I'm still trying to find that ultimate holster that I could rave about. I have a Taurus Millenium Pro PT-745. It's the same thing as the Taurus PT-145 but just slightly narrower frame. On some holster websites, it is in the same group as the Glock 26/27. I don't really want to end up hundreds of dollars poorer and a bucket full of "didn't work" holsters, so help me out here.

I bought an Uncle Mike's IWB to try out. I figured I can't go wrong with $11. It started out really promising but I found out the gun rides high, in my opinion. With the 3.25-inch barrel gun in the holster and the holster in position, the top of my belt is right about where the trigger guard meets the forward side of the grip. More than half of the gun's weight is above my belt. I find this very unstable unless I cinch my belt tight to a point where my eyeballs start to pop out. With my belt in its normal slightly loose but snug fit, it doesn't take much force to tip the upper part of the gun away from my body. A firm tug and the holster and gun is now on the outside of my pants and hanging upside down. This wouldn't happen if I were carrying a gun with a 4-5-inch barrel or if the gun was positioned an inch or two lower. But that's not the case here.

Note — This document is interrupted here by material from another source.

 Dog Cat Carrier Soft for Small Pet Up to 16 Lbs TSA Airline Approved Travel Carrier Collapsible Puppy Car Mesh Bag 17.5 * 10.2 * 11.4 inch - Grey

Another thing that contributes to this unstableness is that I have what could be described as 'muffin top' -- a slight bulge around the waist just above the belt line. Yes, it comes with age. Naturally, any gun I carry with an IWB will have a tendency for the top side (grip end) to lean outwards while the barrel is held snug against my side by the belt. This also means that the holster should be thin so it doesn't add a lot of width to the gun. The thick fancy expensive leather ones seem to add quite a bit of thickness.

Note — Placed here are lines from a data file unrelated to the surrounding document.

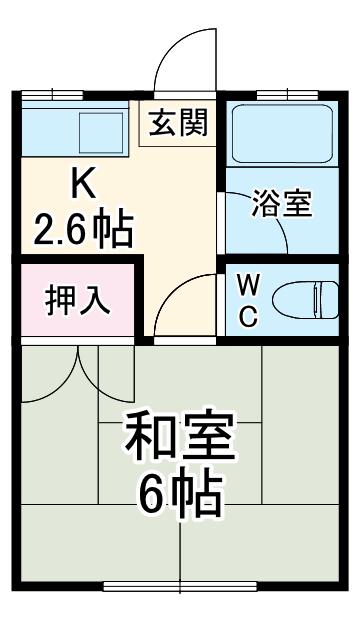 當麻ハイツ(1K/2階)の間取り写真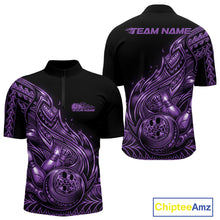 Load image into Gallery viewer, Front and back views of a black and purple mens bowling quarter-zip shirt featuring bowling ball and pin artwork with flowing Polynesian tribal flames.
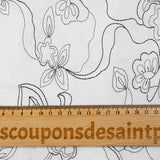 Polycoton froissé et brodé fleurs noir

So, my question now is are there any IWB holsters that position more of the gun below the top of the belt without adding a lot of bulk?

I have been looking at the Galco Ultra Deep Cover Inside the Pant holster and it looks like it will sit lower. They don't list the Taurus PT-745 but they do list the Glock 26/27. Has anyone used this particular holster? Does it position the gun lower? How far down does the gun go with respect to the top of your belt? Care to post a photo?

Are there any issues to consider with having the gun a little lower? I'm not too worried about needing half a second more to draw the gun. I don't expect to be in a cowboy shootout at the O.K. Corral. If I was worried about half a second on the draw, I would leave the situation I was in or position my hand by my waist. Or if possible, I'll switch to pocket carry and have my hand on the grip already.


----------



## Mike Barham

The Galco UDC rides very low. In fact, it rides so low that some people have a hard time getting a "combat grip" on the gun. Others don't. This may not be an issue for you, anyway, since you aren't terribly concerned with a high-speed draw. Keep in mind that the UDC works best on a 1 1/4" belt. If you use a wider belt, it will sit even deeper in the pants.

As to whether it will work with the UDC for the Glock...probably not, by Galco standards, which are admittedly very stringent. It might work well enough that you're happy with it, but then again the Taurus may not even go into the holster. Unfotunately, getting the Millennium-type pistols from Taurus for fit testing is a bit like pulling teeth!

*Never pay again for live sex! | Hot girls doing naughty stuff for free! | Chat for free!*


----------



## propellerhead

There has to be one out there with an adjustable height. 

I'll look more into the Galco UDC. I just have to find one that comes close to the Taurus 745. I think the Kahr's are pretty close in specs. 

Thanks for the reply.


----------



## jwkimber45

There are 2 IWBs on this page that you can adjust for cant.

http://garritysgunleather.com/IWBHolsters.htm

I highly recommend the Milt Sparks Versa-Max II to anyone who wants a quality IWB.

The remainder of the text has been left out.